### Pictures with short captions
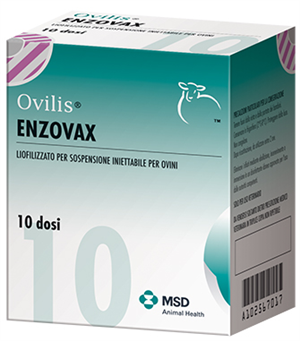 OVILIS ENZOVAX FL 10D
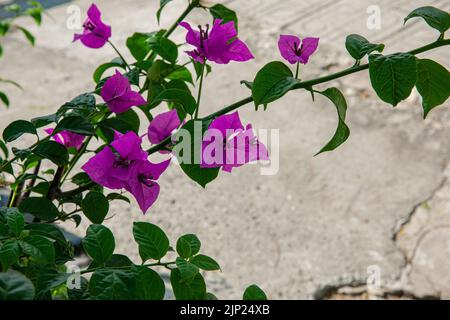 Rosa, violette Bougainvillea-Blüten und Bougainvillea-Pflanzenbaum an sonnigen Tagen Stockfoto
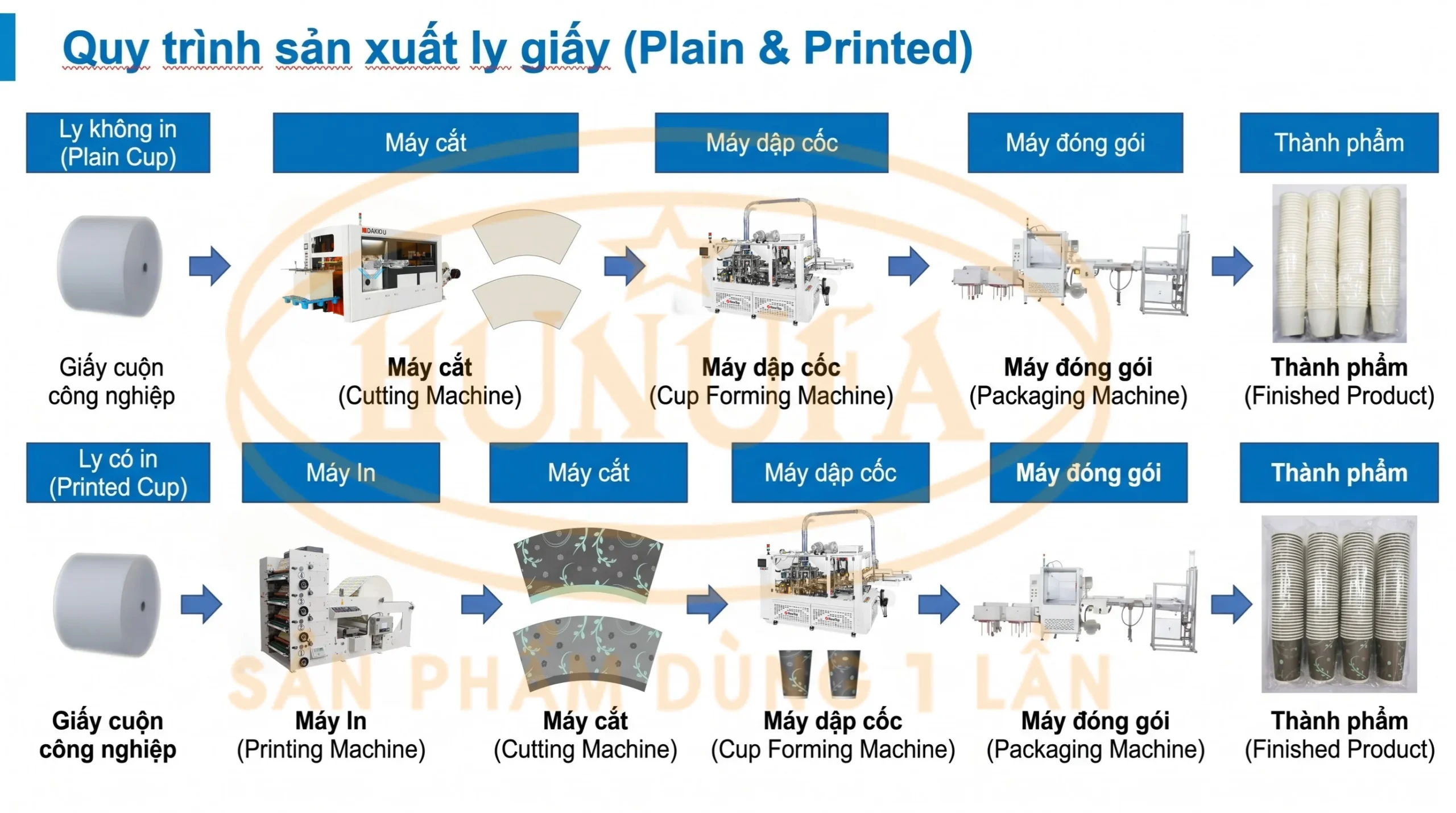 Quy trình sản xuất ly giấy tại Hunufa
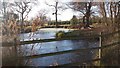 Pond near Three Maypoles in B90 2RB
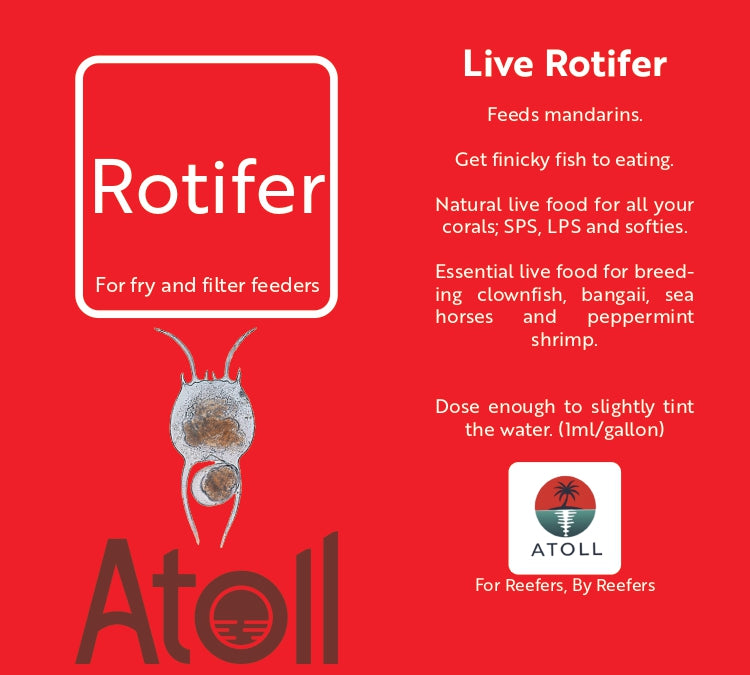 Live Rotifers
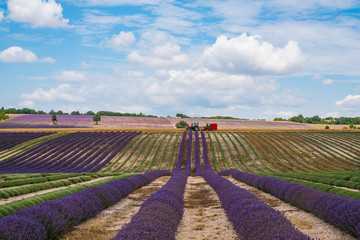 Fototapeta na wymiar Récolte de lavande. Provence, France.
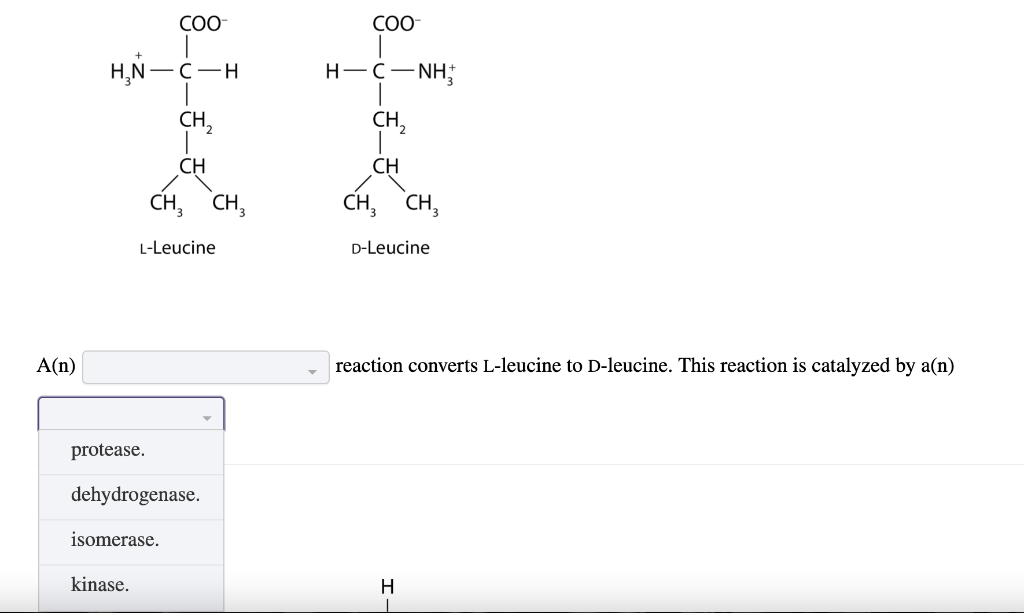 R Ch2 Ch Ch C S Coa Ii Trans Enoyl Coa A N Chegg Com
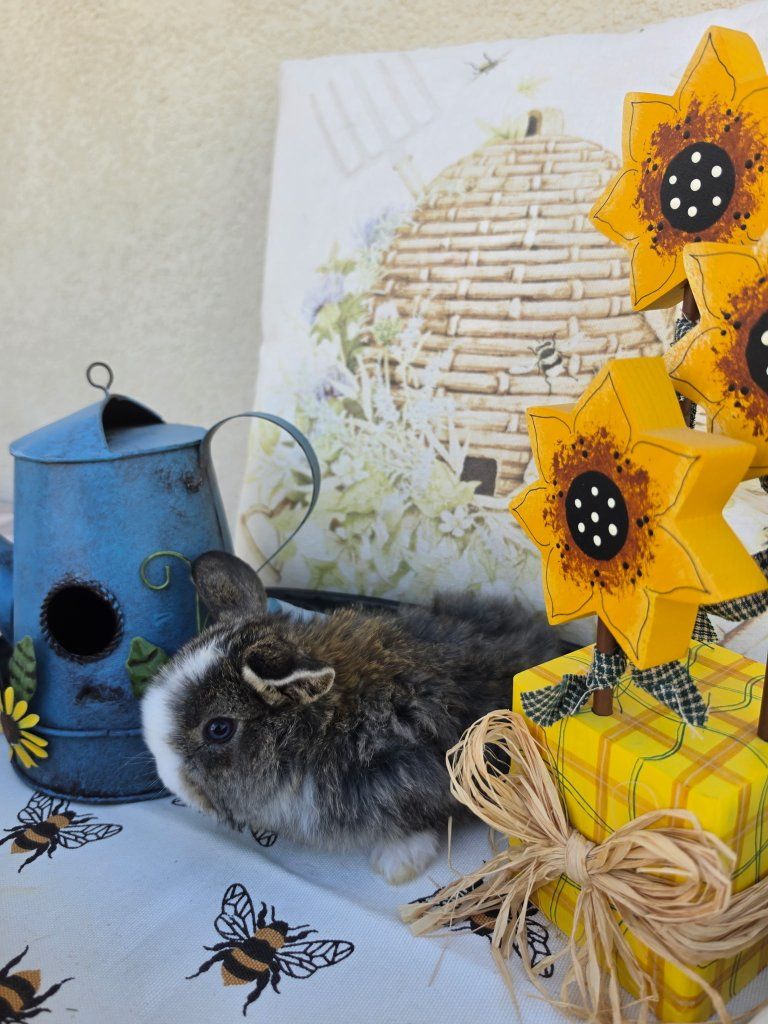 Chestnut VM Holland Lop Buck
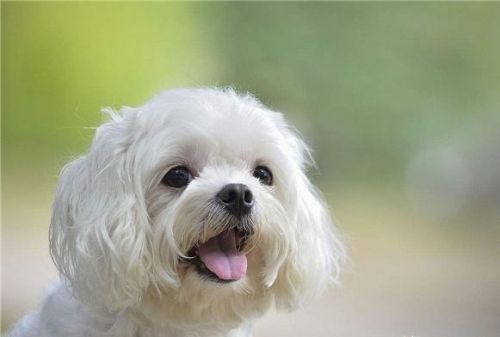 马尔济斯犬和比熊犬的区别(马尔济斯和比熊哪个好养)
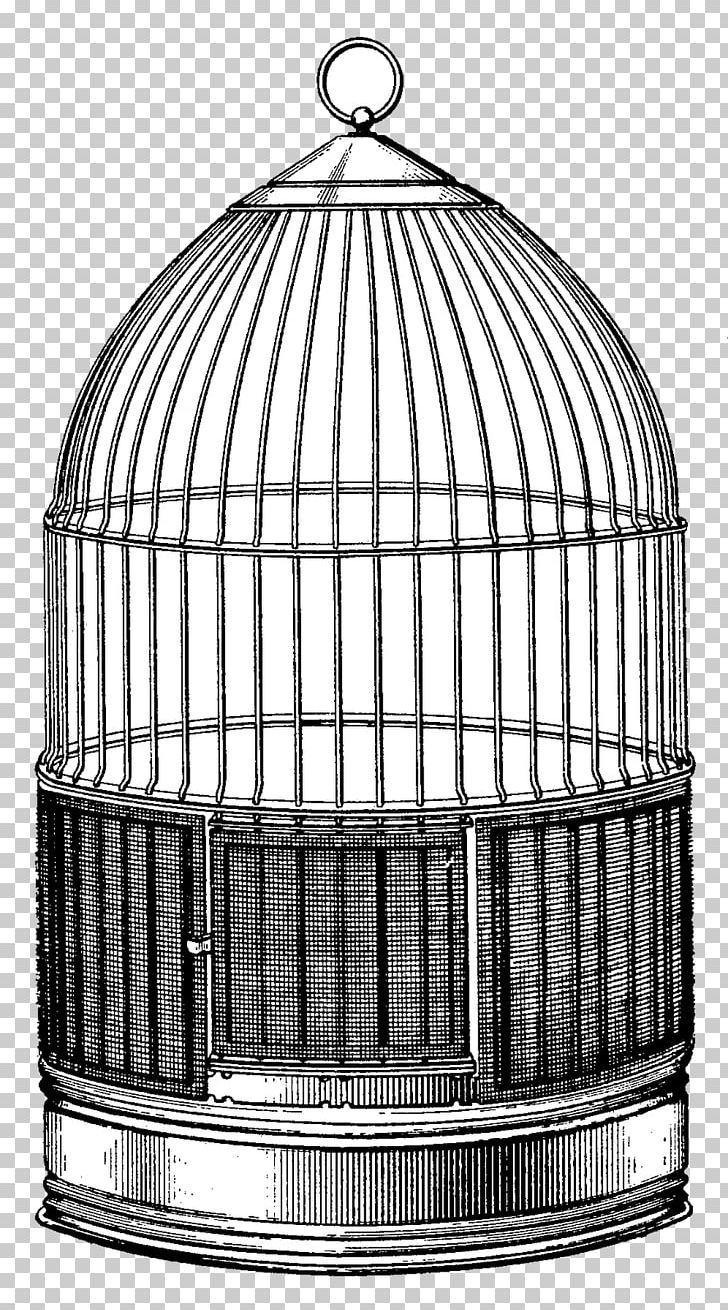 Birdcage Parrot Birds And People PNG, Clipart, Animals, Antique, Antique Furniture, Bird, Bird Cage Free PNG Download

### TASK OBJECTIVE
Only the records, copied exactly and without pictures, should make up the answer.

### ANSWER BELOW
 OVILIS ENZOVAX FL 10D
 Rosa, violette Bougainvillea-Blüten und Bougainvillea-Pflanzenbaum an sonnigen Tagen Stockfoto
 Quy trình sản xuất ly giấy tại Hunufa
 Pond near Three Maypoles in B90 2RB
 Live Rotifers
 Fototapeta na wymiar Récolte de lavande. Provence, France.
 R Ch2 Ch Ch C S Coa Ii Trans Enoyl Coa A N Chegg Com
 Chestnut VM Holland Lop Buck
 马尔济斯犬和比熊犬的区别(马尔济斯和比熊哪个好养)
 Birdcage Parrot Birds And People PNG, Clipart, Animals, Antique, Antique Furniture, Bird, Bird Cage Free PNG Download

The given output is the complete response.